I am often amazed at what Hollywood can do with some of the special effects in the movies created these days. While sitting in the theatre, it is easy to feel as if we are transported to a place that doesn’t truly exist while speaking to people that have been created out of someone’s imagination. What is equally amazing is how, after the movie is over, people will stand around and discuss what they just saw and speak about the images as if the people and places were quite real.
During a family gathering at Easter a few years back, some of my family members were having a similar discussion about a movie that had just been released. After listening to the discussion for few moments, one of my aunts interrupted the conversation and asked, “Why is it that so many of you find it so easy to believe what you see in the movies but have such a tough time believing what happened to Jesus during his passion and after his resurrection?”
Of course, she got a few wise remarks and no one really gave her a direct answer to her question, but I remember that the question struck me as if it needed to be answered; it has stuck with me over the years. Every year since that Easter Sunday, this conversation comes back to me, especially during the octave of Easter, as we hear scripture readings each day from the Acts of the Apostles and the Gospels, relaying to us those events that occurred after the Resurrection of Our Lord.
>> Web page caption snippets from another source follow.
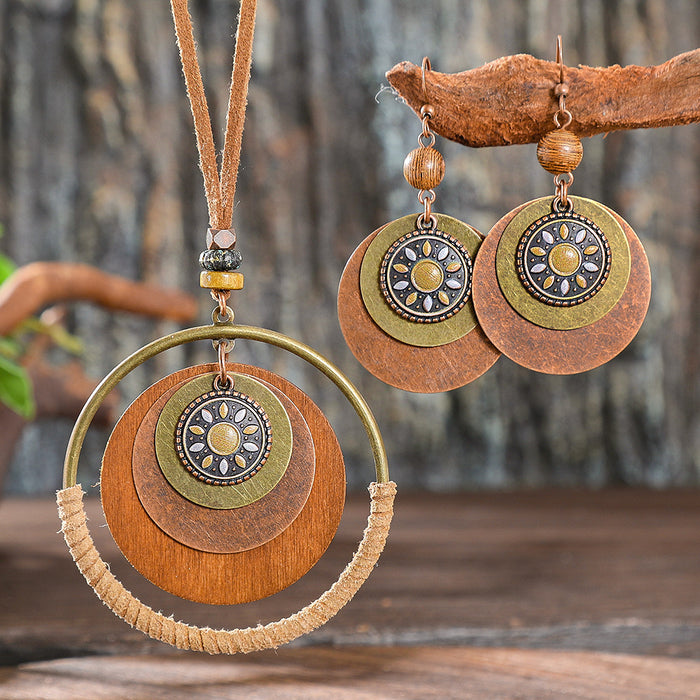 Wholesale Vintage Tree of Life Earring and Necklace Set Bohemian Style MOQ≥2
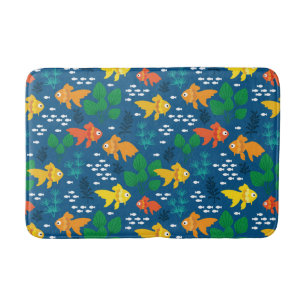 Gold Fish in Aquarium Bath Mat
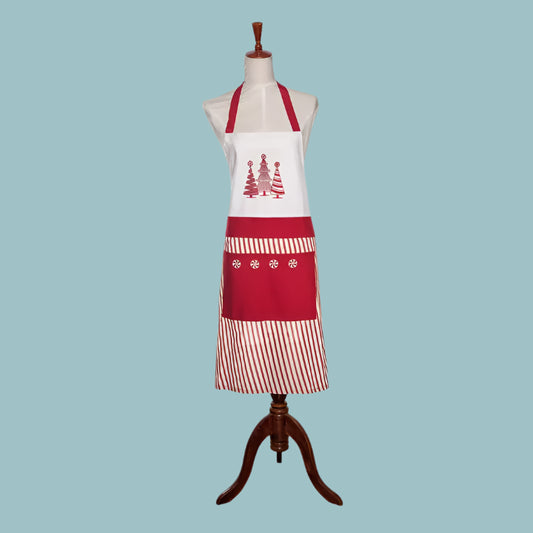 Christmas Peppermint Forest Women's Red Apron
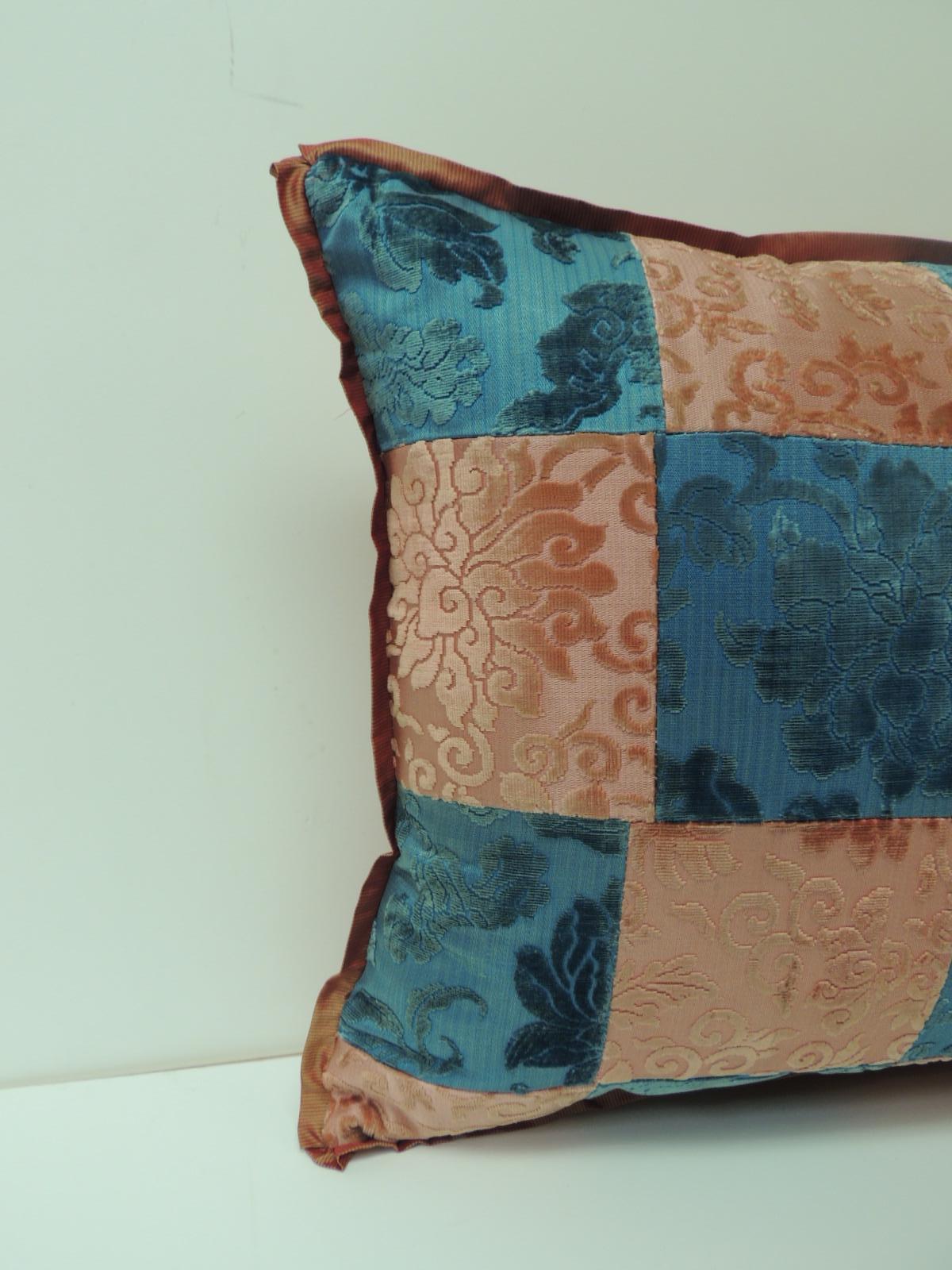 Pink and blue romance through the Gilded Age’s Asian textiles patchwork Lumbar pillow.
Decorative pillow handcrafted from two Asian antique textiles combining floral silk cut velvet gaufrage in pink with chrysanthemums motifs and blue clouds. These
We hear the detail of the witnesses that first met Jesus: Mary Magdalene, who was seen by soldiers having a conversation with Christ and was told not to fear and to tell the disciples to go to Galilee where he would meet them; the disciples he met on the way from Jerusalem to Emmaus, who conversed with Him and broke bread with Him before He left their presence; and when Jesus stood in the midst of the apostles and said, “Peace be with you” and showed them the wounds in His hands and feet and asked them for something to eat. These were not comments from someone recounting a show with special effects but rather someone reliving a conversation and sharing details after being an eyewitness to meeting someone very real! I can only imagine what it would have been like actually to have been in His presence and how I would have responded if He had said to me, “Do not be afraid!”
I often wonder how many times I may have encountered Jesus in someone else and not realized it was Him until much later, thinking that the person I was with was “too good to be true” only to later realize that this person may have changed my life – an encounter with Christ?
So, I thank my aunt for asking that random question that Easter Sunday a few years back – or was it really a random question? Perhaps, it was another encounter with Jesus, who opened my eyes to confirm my belief that what I have heard during the Easter Octave was no special effect, but that He is truly risen!